I was uninterested in this idea of these people as performers. The piece was supposed to be about Black autonomy and these autonomous acts without surveillance.
Malcolm Peacock
Peacock visited Pittsburgh for the first time in February of 2022 in preparation for his contribution to the Carnegie International series. He says he was struck by the conservatism of the museum. As he waited for a meeting with the program’s curators, Peacock began to ruminate on an idea: “the nature [or] essence of a Black autonomous space.”
“The piece is a test in a way,” he says. He explains that for museum installations, the medium of any work is generally provided in the brief description that accompanies it, whether it be a painting, mixed media, photography, etc. The solitary word “Proposal” was the description for the medium of his installation at the Carnegie Museum of Art.
“It’s a proposition for what I want to envision as the present and/or future of public space,” he says. The artwork is an interactive space wherein four Black women from Pittsburgh are paid for their time to create, interact, and converse. But the experience is more complex than can be described in words.

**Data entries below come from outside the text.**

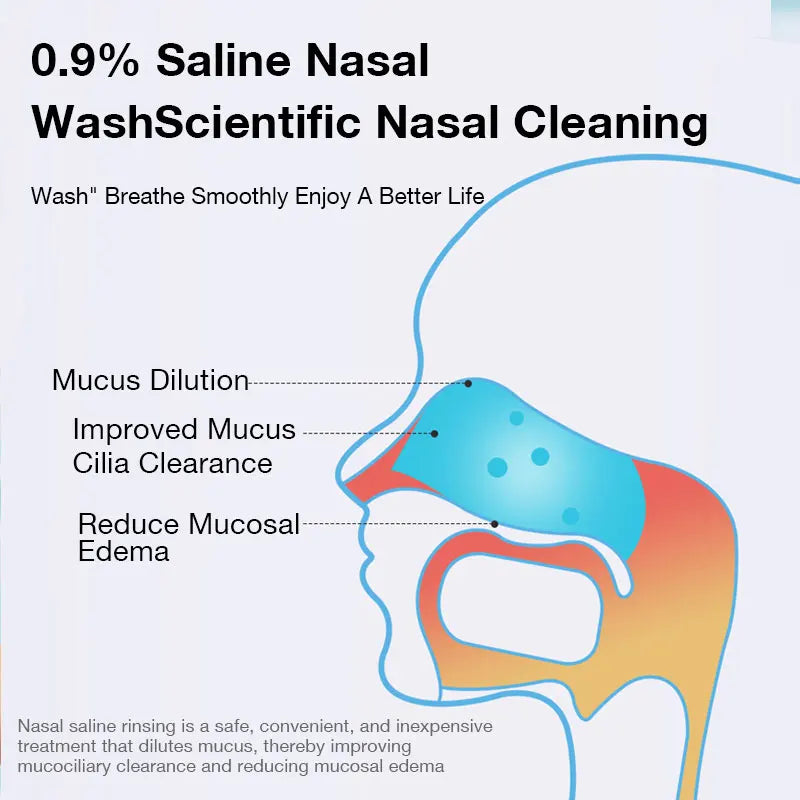 NASAL IRRIGATOR
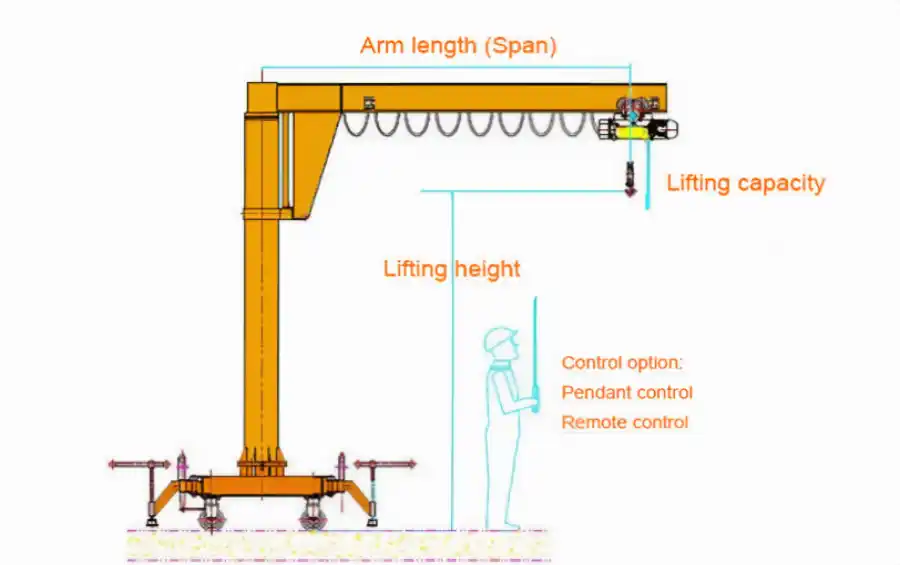 Portable-Jib-Cranes.webp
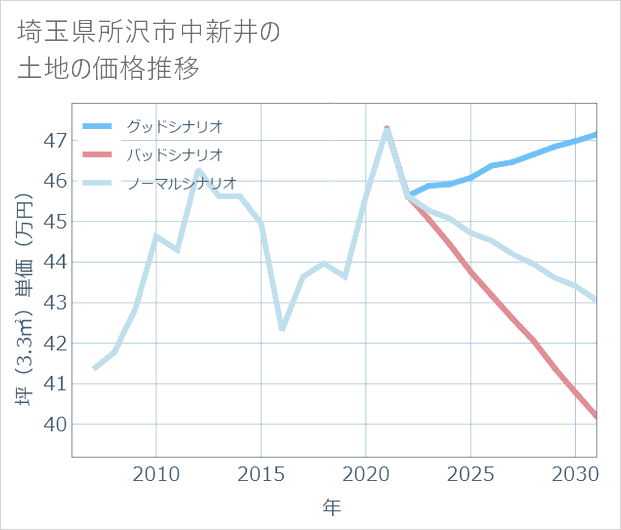 埼玉県所沢市中新井の土地価格推移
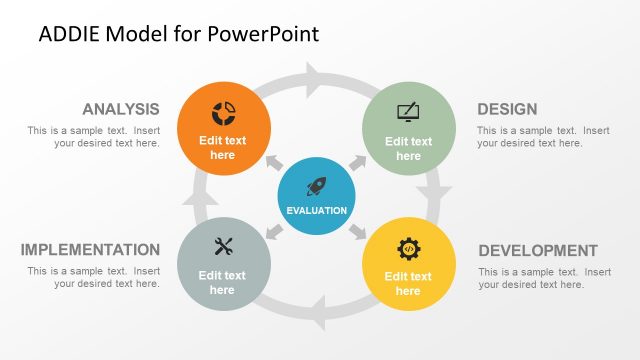 ADDIE Model PowerPoint Template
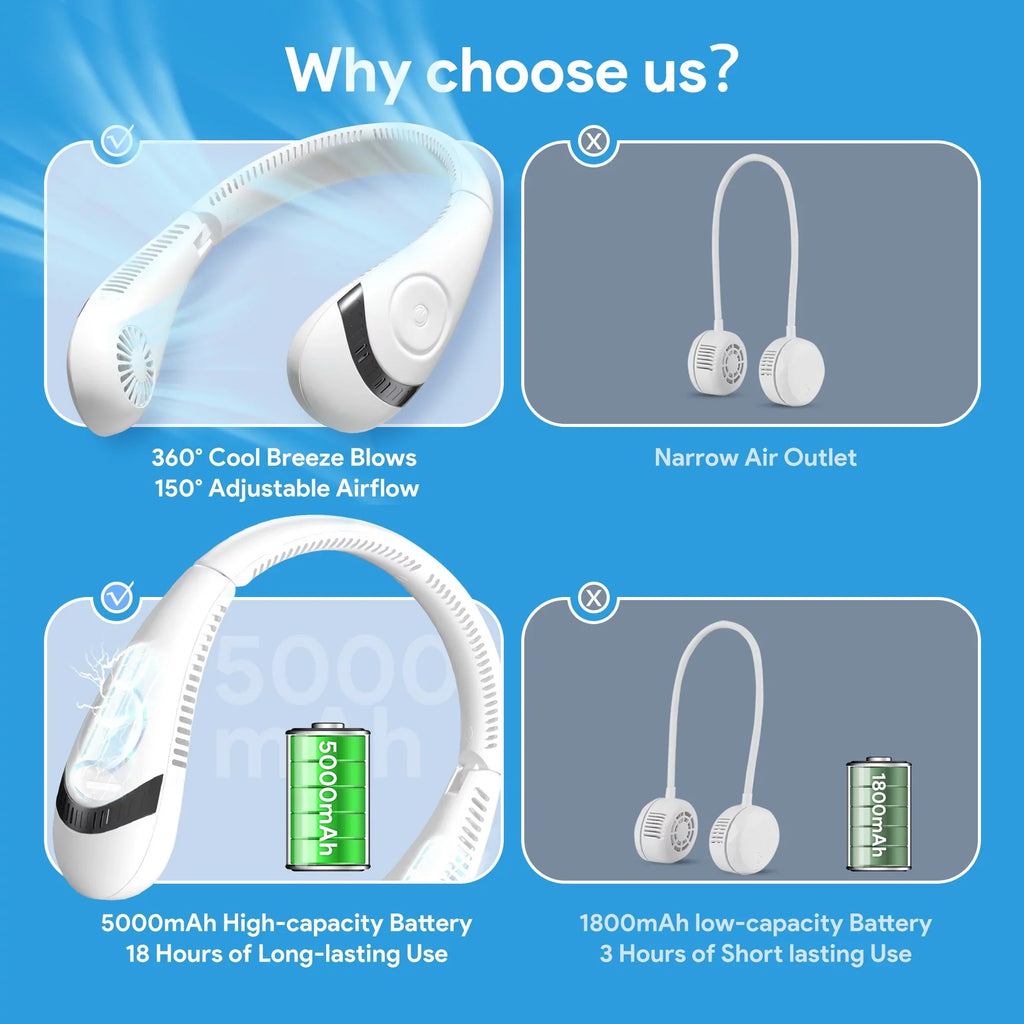 Speeds Folding Mini Neck 5000mAh LCD Fanwtith Cooling Bladeless White USB Summer 3 Portable 360°Airflow Neck Fans, Rechargeable Fan Display,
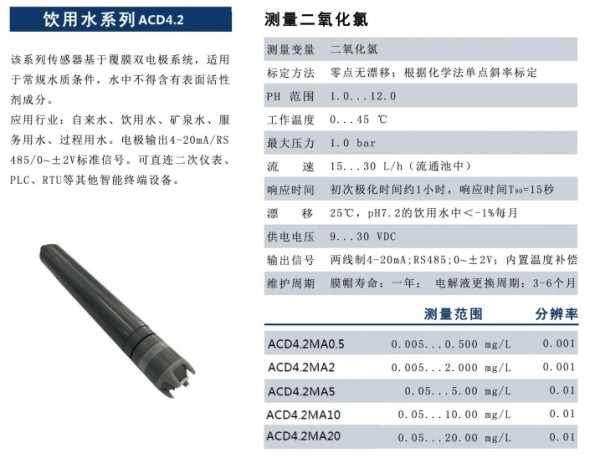 饮用水系列ACD4.2 P2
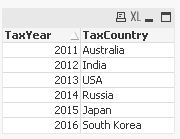 QlikCommunity_Thread_236396_Pic1.JPG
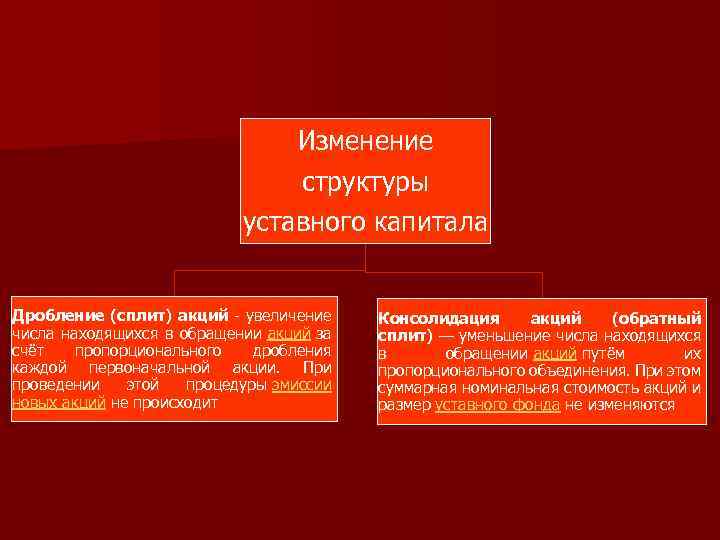 Дробление номинальной стоимости акций. Дробление акций. Дробление акций как посчитать. Консолидация акций. Обратное дробление акций.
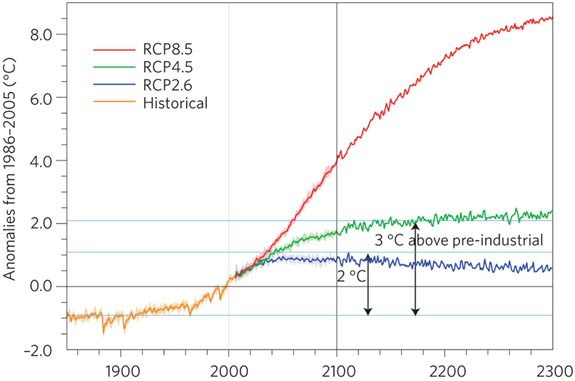 Extended RCPs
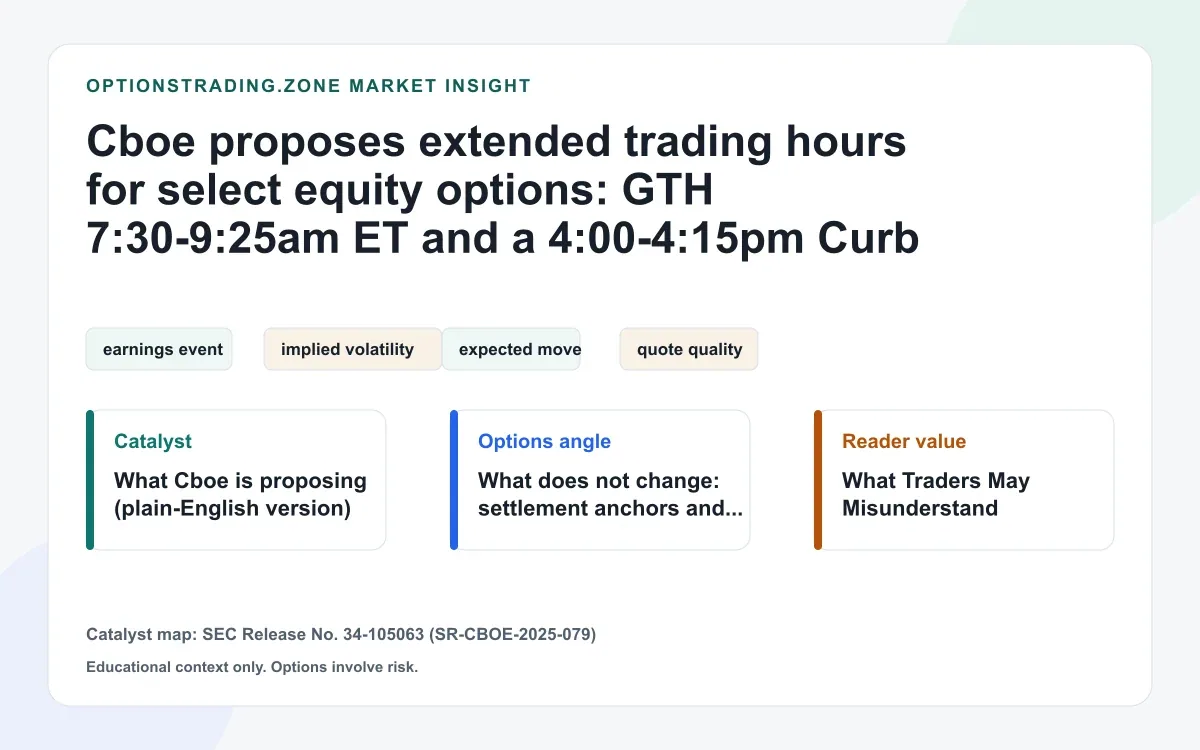 Cboe proposes extended trading hours for select equity options: what changes (and what does not) visual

“You arrive at the museum,” Peacock says. “You sign up, and you may never be admitted. Most people are never admitted. Only so many people can be admitted because there are different time constraints and experiential parameters.”
“The piece is really not for the public. The actual experience is for the women in the room. They (the Black women) are invested in whatever they are doing, and a lot of times I’m not there. I provide them with things that they want – art supplies, instruments . . . I get their lunch.”

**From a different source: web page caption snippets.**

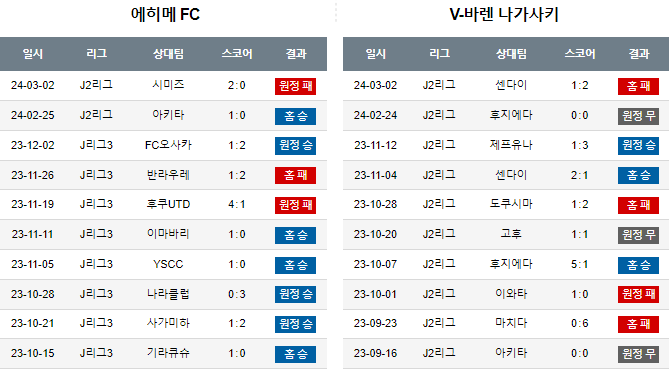 스포츠중계,무료스포츠중계,해외스포츠중계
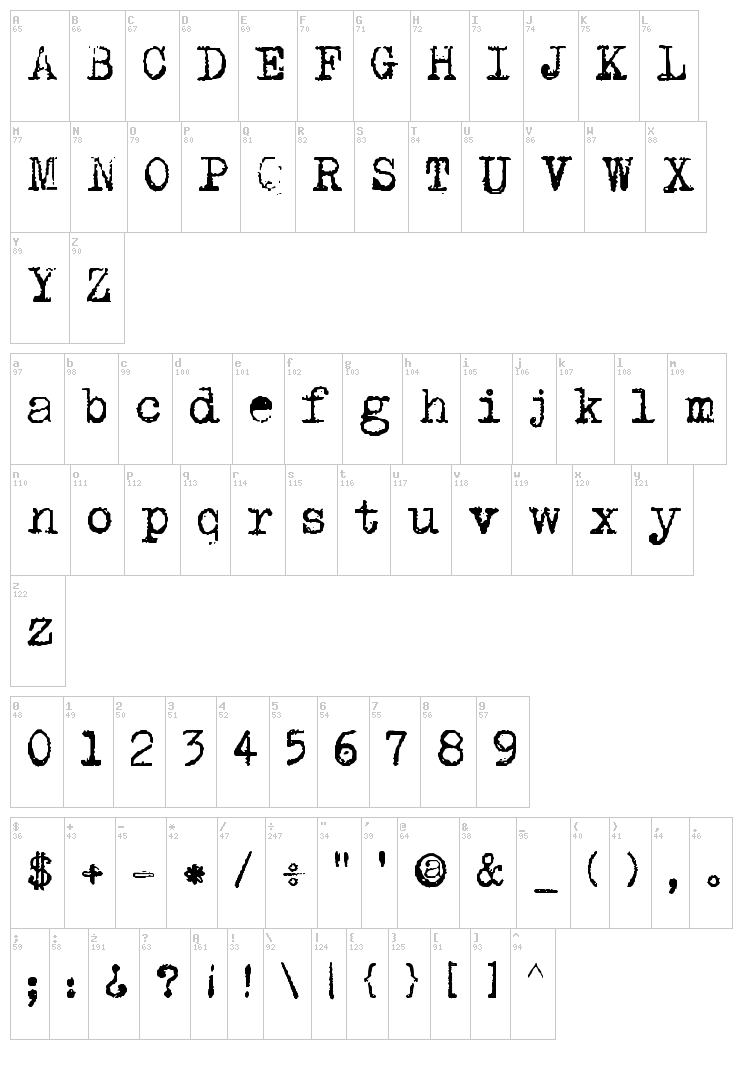 DK P.I. font map
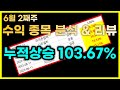 [부신포 급등 신호] 5일동안 103.67%. 라이온켐텍, 나라셀라, 현대바이오, 이수페타시스, 이루다, 지니너스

“I take the running as a meditative and spiritual process that can be both physically and mentally taxing.
Malcolm Peacock
If this all sounds too mysterious to you that’s OK with Peacock. The mystique is a feature of the art. Peacock is wrestling with a fundamental question: Is it possible for Black people, and these Black women from Pittsburgh in particular, to choose how they would occupy their time?
“The point of the project was that they did what they wanted under terms of no surveillance,” Peacock explains. “They cannot light shit on fire, but other than that, they just do what they want.”

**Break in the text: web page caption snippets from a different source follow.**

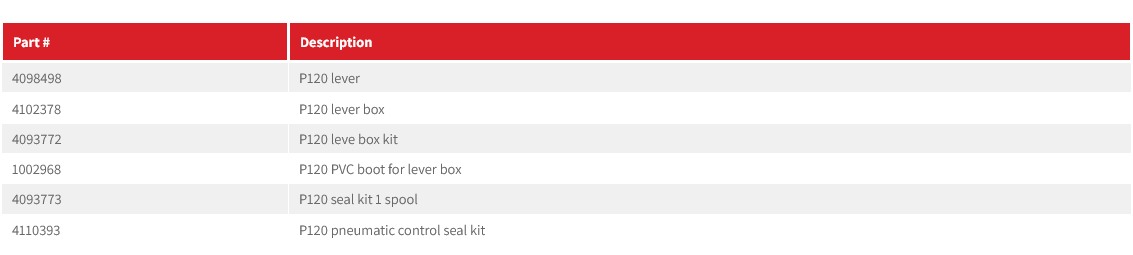 P120 - Accessories & Spares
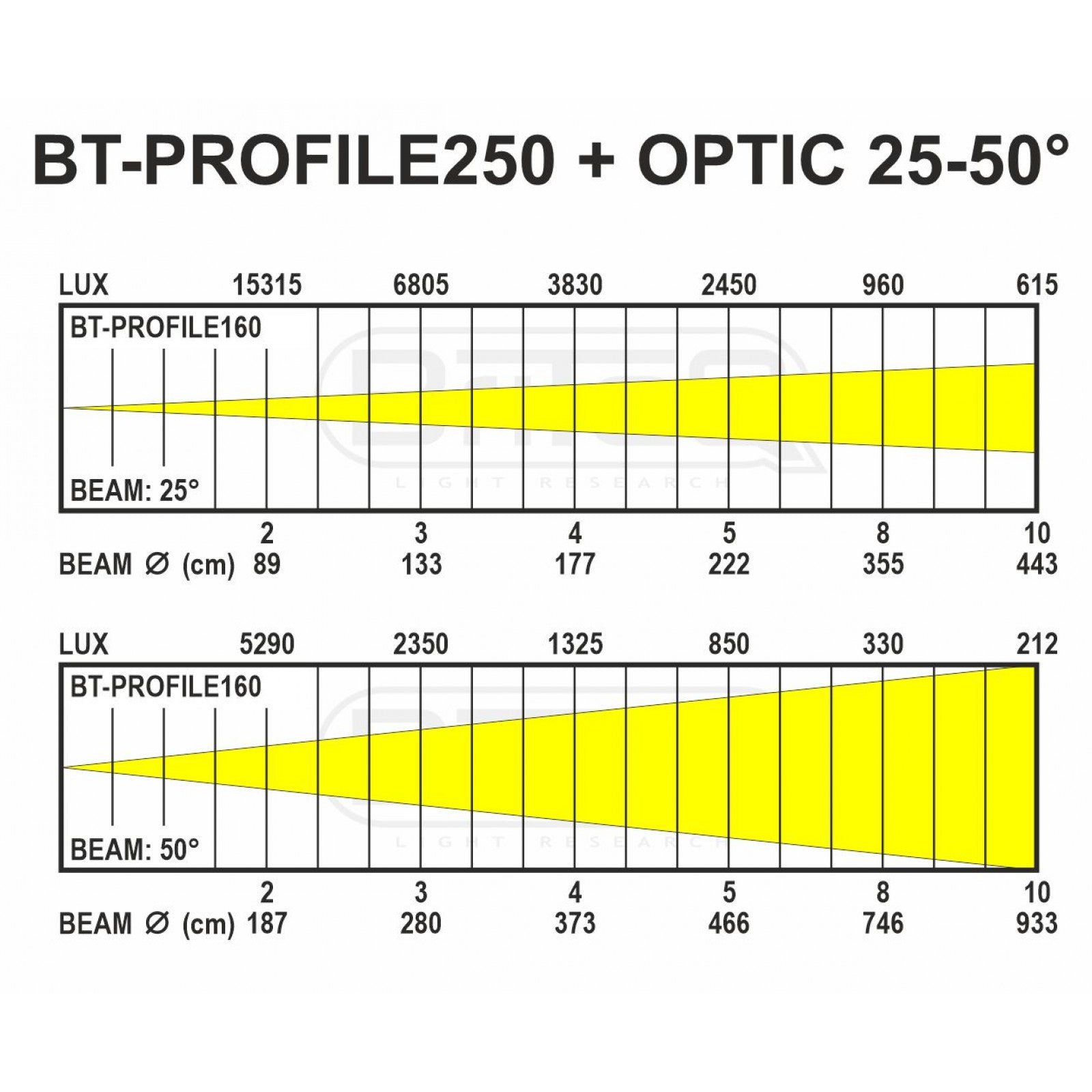 Briteq BT-PROFILE160/OPTIC 25-50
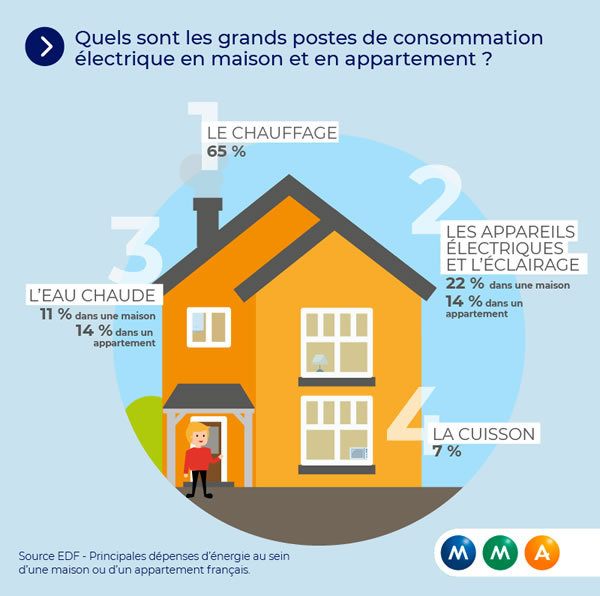 découvrez les tarifs de l'électricité pour les appartements en france. comparez les offres des différents fournisseurs et trouvez la meilleure option pour réduire vos factures d'énergie tout en garantissant un service de qualité.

He continues: “It’s really a living organism. I was uninterested in this idea of these people as performers. The piece was supposed to be about Black autonomy and these autonomous acts without surveillance.”
Part of the idea for the project grew out of how Peacock felt policed inside of the Carnegie Museum of Art when he first visited back in 2022. He came out of the experience and spent months planning what an autonomous series of actions could be in a designated artistic space. What does an autonomous Black life in public feel like?, he asked himself—and all of us.
The presentation also evolved from Peacock’s passion for long-distance running. He says he is good enough to compete professionally, but art remains his primary career. When we spoke with him, he shared that he ran several marathons over the last few years and sees some relationship between his art and his competitive running.
“Absolutely, they go hand in hand,” he says. “I take the running as a meditative and spiritual process that can be both physically and mentally taxing.” For Peacock, running doubles as a practice through which he copes with past challenges in life, including a traumatic experience which he does not reveal in detail.
“There are larger forces and thoughts that I tap into and there is a momentum,” he expounds. “A push that I get from considering the lives of others that are not my own when I’m out on the road.”
Instead he directs us to an audio recording on the subject. It’s a 30-minute treatise on Peacock’s practice for art, for life, and for survival. He delivers it as he is running. It is a revelation about him and his philosophy for both creating and surviving.
It’s a clue, or a cue, for people to better understand the artistic life of Malcolm Peacock.